First, we define the residual $f(x, t)$ as

\[f := u_t+\mathcal{N}[u]=0,\]

and the loss function comprises 2 parts,

\[\begin{aligned} L_{tot}&=L_u+L_f, \\ \text{where}\ L_u&=\|u-z\|_{\Gamma}\ \text{and} \\ L_f &= \|f\|_{\Gamma}. \end{aligned}\]

$L_u$ is the error between PINN $u(t, x)$ and boundary conditions and measured data on data points $\Gamma$, and $L_f$ is the MSE error of the residual function, representing constraints from the governing equation itself.

Inverse Problem

Contrary to forward problem, Inverse ones not only require the system $u(t, x)$, but also the parameter $\lambda$, based on measurements $z$. So residual here is defined as

\[f := u_t+\mathcal{N}[u; \lambda]=0,\]

and the rest is almost the same as above. The difference just lies in that the nonlinear operator $\mathcal{N}[\cdot; \lambda]$, characterized by $\lambda$, is unknown as well and needed to be solved.

General Framework of PINNs

A-PINNs for IDEs

As mentioned above, IDEs involve both integrals and gradients, and are thus even harder for conventional numerical methods. It is intuitive to use a neural network to represent the targeted dynamics, with its derivative as the gradient via automatic differentiation mechanism. The question is: how to approximate the integral?

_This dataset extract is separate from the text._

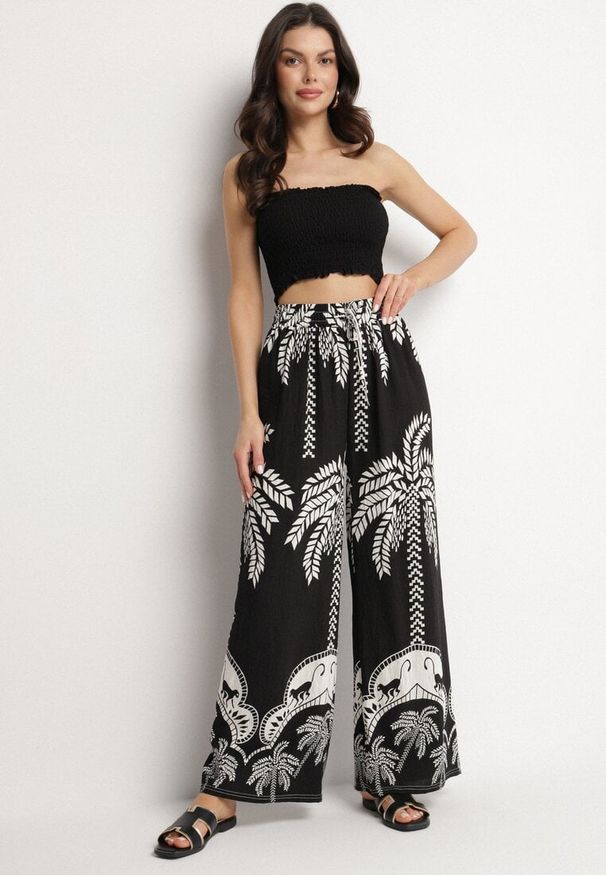 Born2be - Czarne Wiskozowe Szerokie Spodnie z Wysokim Stanem z Palmami Bolritia. Okazja: na spotkanie biznesowe, do pracy, na co dzień. Stan: podwyższony. Kolor: czarny. Materiał: wiskoza. Styl: elegancki, casual, klasyczny, biznesowy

One natural idea, called Auxiliary PINN (A-PINN), introduced by Yuan et al.2, is to model the integral itself as an auxiliary function approximated by a neural network. Thus its derivative is the integrand that could serve for some supervising purposes. For example, as is formulated in their paper, for the first-order nonlinear Volterra IDE

\[u^{(n)}(x)=f(x)+\lambda \int_0^x K(t) u(t) \mathrm{d} t, \quad u(0)=a.\]

By defining an auxiliary function $v(x)$ to represent the integral, we have

\[\begin{aligned} u^{(n)}(x)&=f(x)+\lambda\cdot v(x)\\ v(x)&=\int_0^x K(t) u(t) \mathrm{d}t\\ u(0)&=a. \end{aligned}\]

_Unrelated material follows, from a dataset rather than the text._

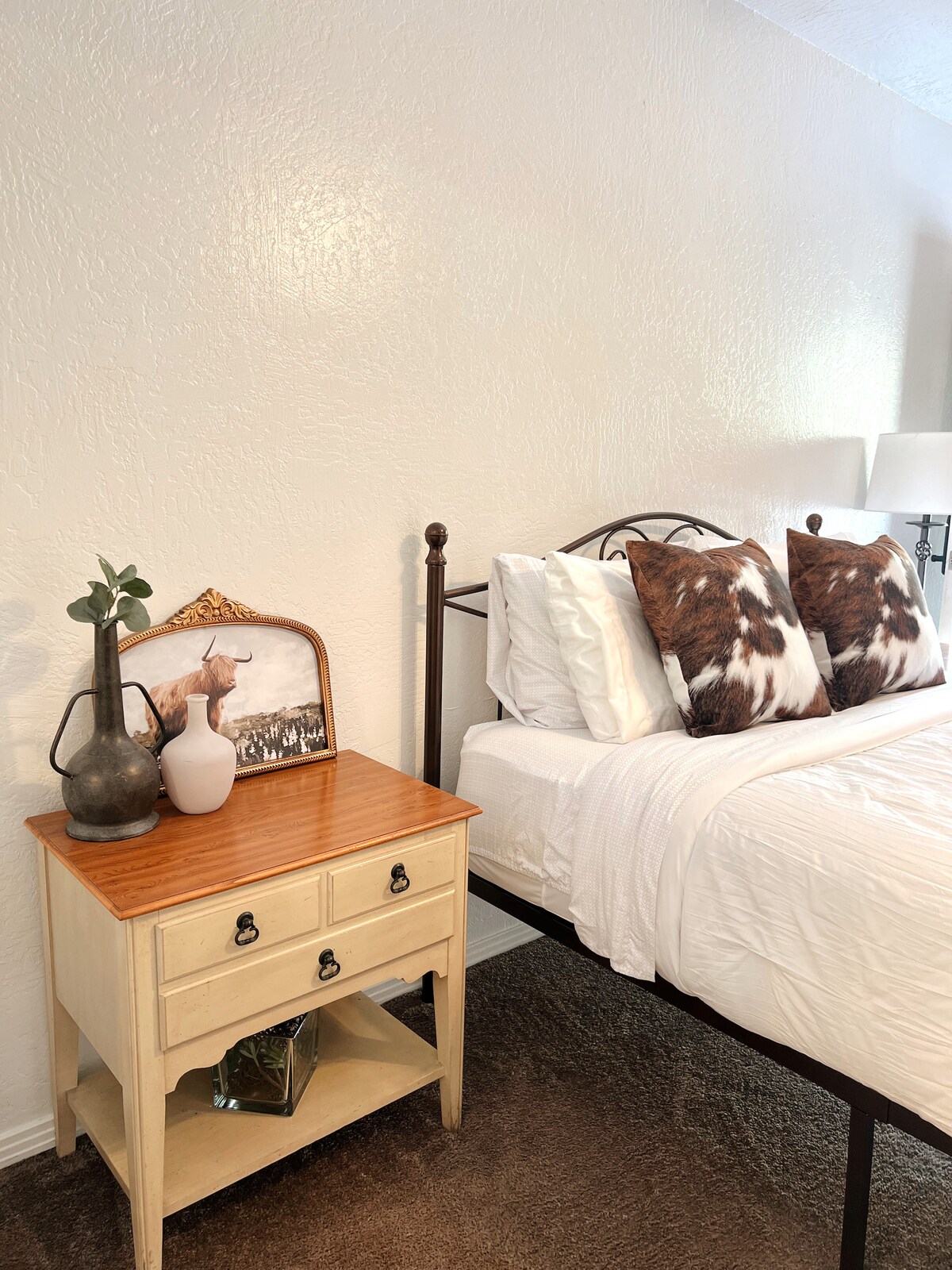 A cozy sleeping area features a sleek metal bed with two decorative pillows. A nightstand holds a vintage vase and a framed picture. Soft light is provided by two lamps on either side, complemented by warm wall tones and a textured carpet.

And the integral can be further re-expressed as

\[\begin{aligned} \nabla_x v(x)&= K(x)u(x)\\ v(0)&=0, \end{aligned}\]

to avoid integral manipulation with the same ability to supervise our optimization. Thus far, it is clear that IDEs could be solved in a manner that is similar to PINNs: introducing an auxiliary function to replace the integral, turning the integral into its equivalent derivative form, and performing optimization with multiple governing PDEs and known measurements together. From a personal perspective, the idea of A-PINN is somewhat relevant to AutoInt, the automatic integration framework proposed by Lindell et al.3 Generally, they calculated the integral in the volume rendering equation by minimizing the discrepancy between its derivative/integrand and measurements, which is also how A-PINN deals with integrals in IDEs.

There have been attempts to employ A-PINN for IDEs like Boltzmann equation in radiative transfer problems4, and more exploration is certainly expected.

References

  1. Raissi, Maziar, Paris Perdikaris, and George Em Karniadakis. “Physics informed deep learning (part i): Data-driven solutions of nonlinear partial differential equations.” arXiv preprint arXiv:1711.10561 (2017). 

  2. Yuan, Lei, et al. “A-PINN: Auxiliary physics informed neural networks for forward and inverse problems of nonlinear integro-differential equations.” Journal of Computational Physics 462 (2022): 111260. 

  3. Lindell, David B., Julien NP Martel, and Gordon Wetzstein. “Autoint: Automatic integration for fast neural volume rendering.” Proceedings of the IEEE/CVF Conference on Computer Vision and Pattern Recognition. 2021. 

  4. Riganti, Roberto, and L. Dal Negro. “Auxiliary physics-informed neural networks for forward, inverse, and coupled radiative transfer problems.” Applied Physics Letters 123.17 (2023).